Description of the task — Beginning at the line containing "ADV183023 Blue Print", repeat each line below exactly up to and including the line containing "Win the jersey". Do not repeat the pictures.

Records to use —
# # # # #

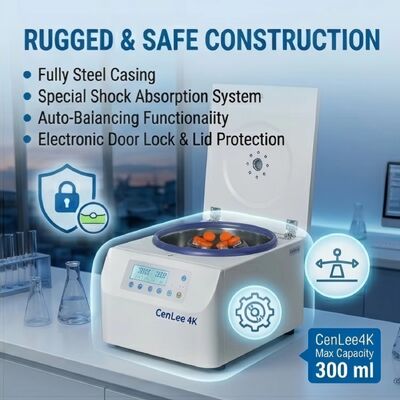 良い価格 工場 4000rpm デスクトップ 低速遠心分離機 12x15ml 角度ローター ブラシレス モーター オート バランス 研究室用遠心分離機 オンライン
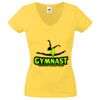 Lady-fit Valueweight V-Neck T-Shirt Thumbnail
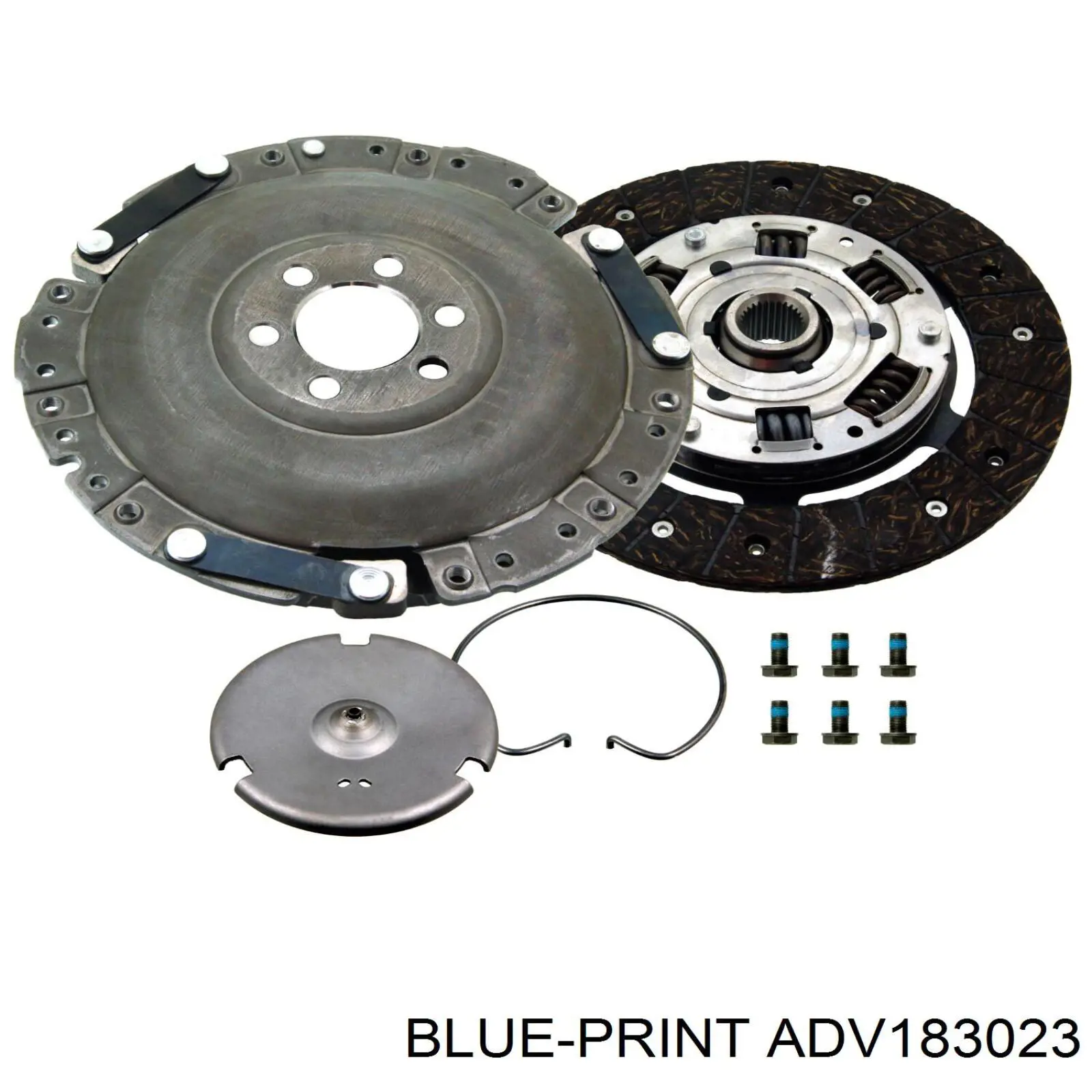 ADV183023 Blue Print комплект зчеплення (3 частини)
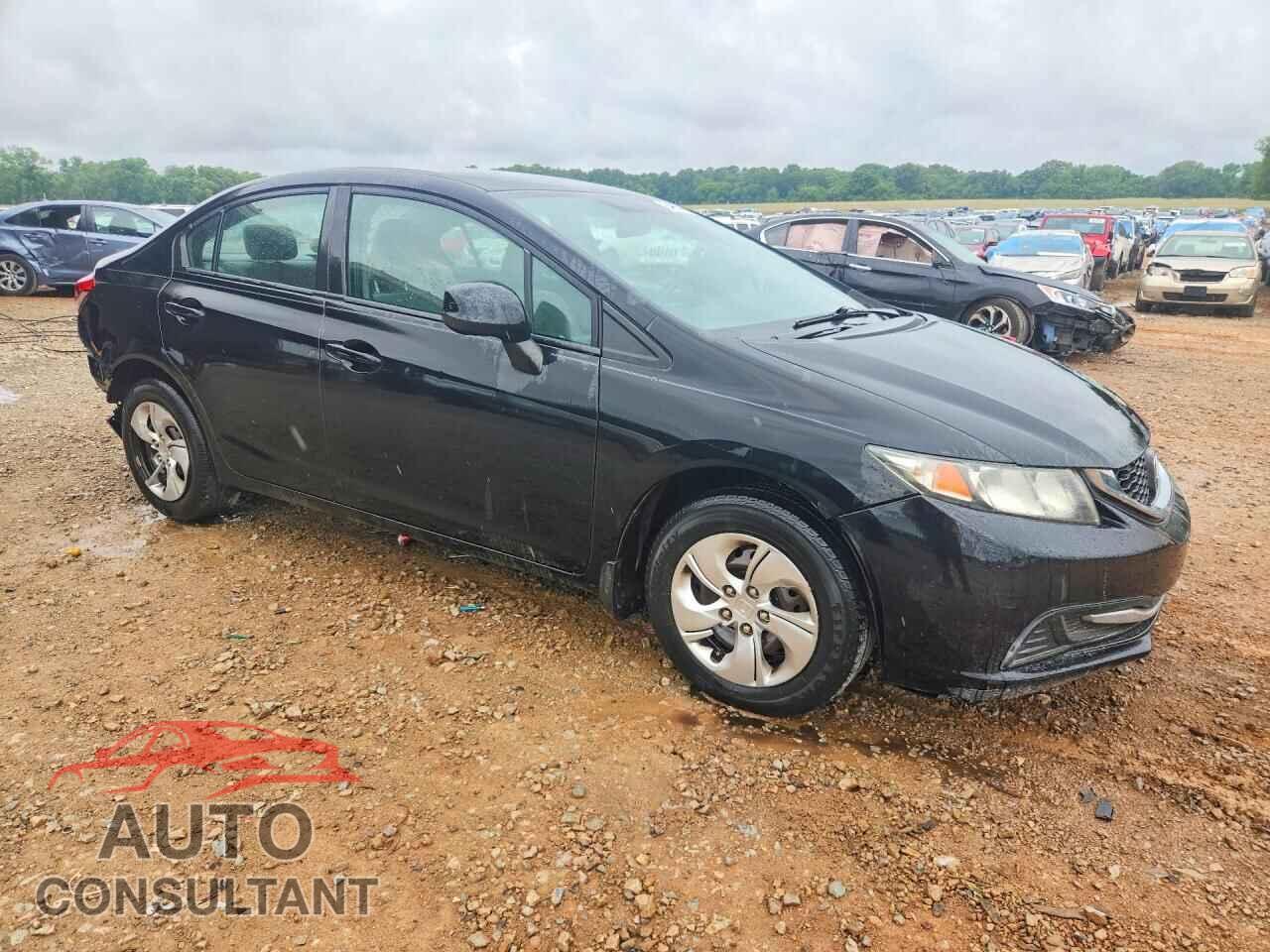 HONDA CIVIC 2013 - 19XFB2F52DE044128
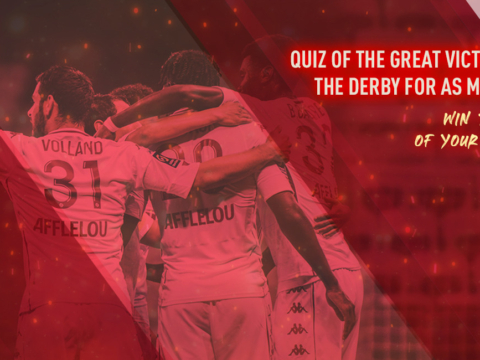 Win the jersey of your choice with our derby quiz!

# # # # #

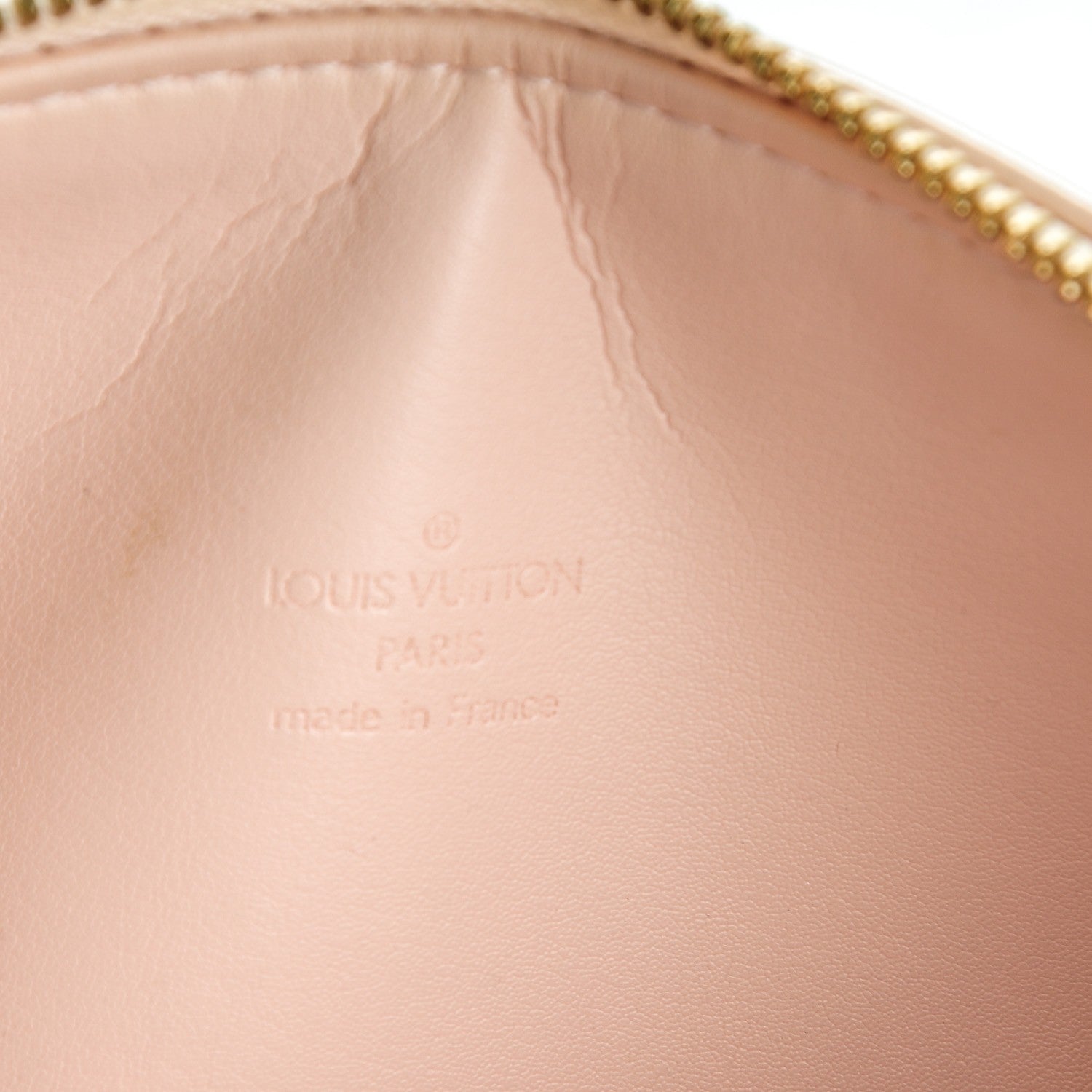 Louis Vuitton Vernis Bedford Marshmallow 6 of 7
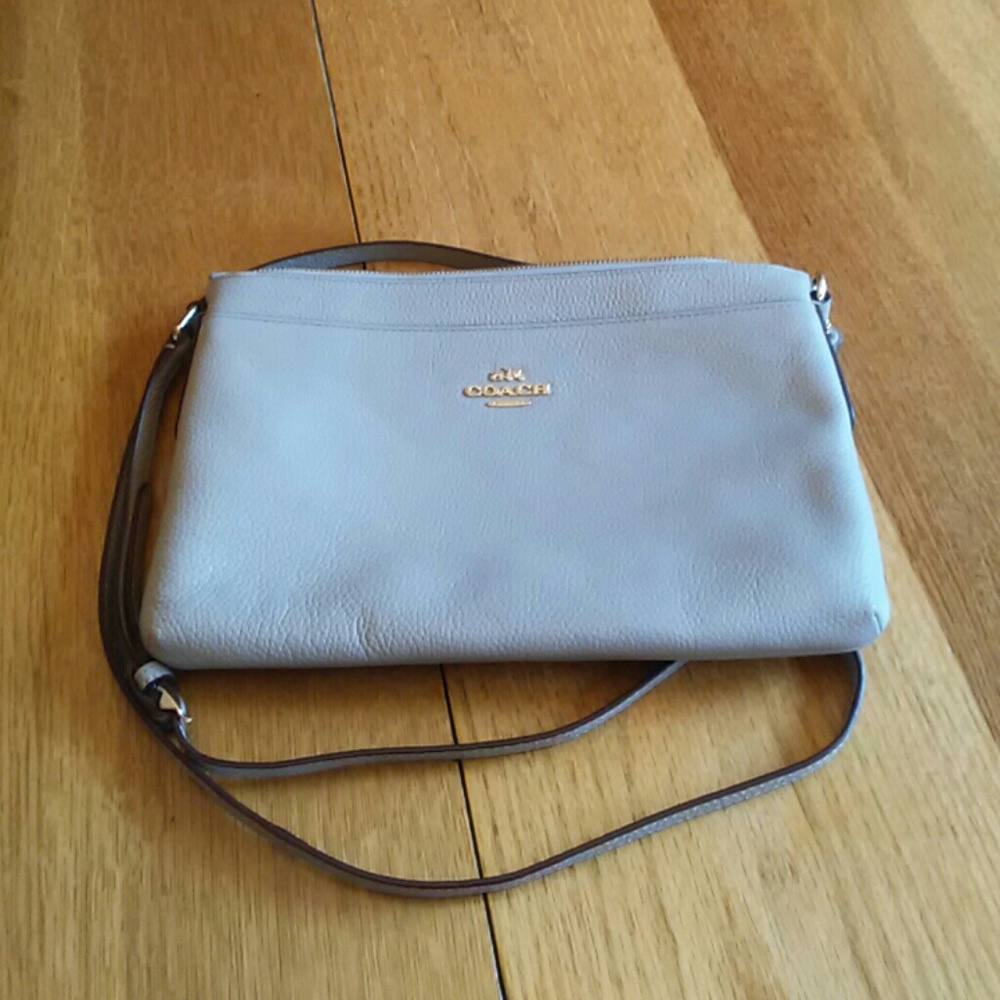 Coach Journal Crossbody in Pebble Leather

# # # # #

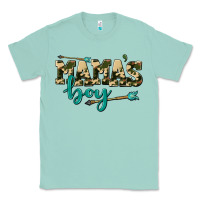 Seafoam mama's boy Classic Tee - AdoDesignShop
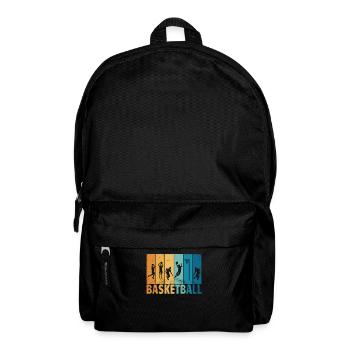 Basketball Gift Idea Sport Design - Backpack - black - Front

# # # # #

Task output —
 ADV183023 Blue Print комплект зчеплення (3 частини)
 HONDA CIVIC 2013 - 19XFB2F52DE044128
 Win the jersey of your choice with our derby quiz!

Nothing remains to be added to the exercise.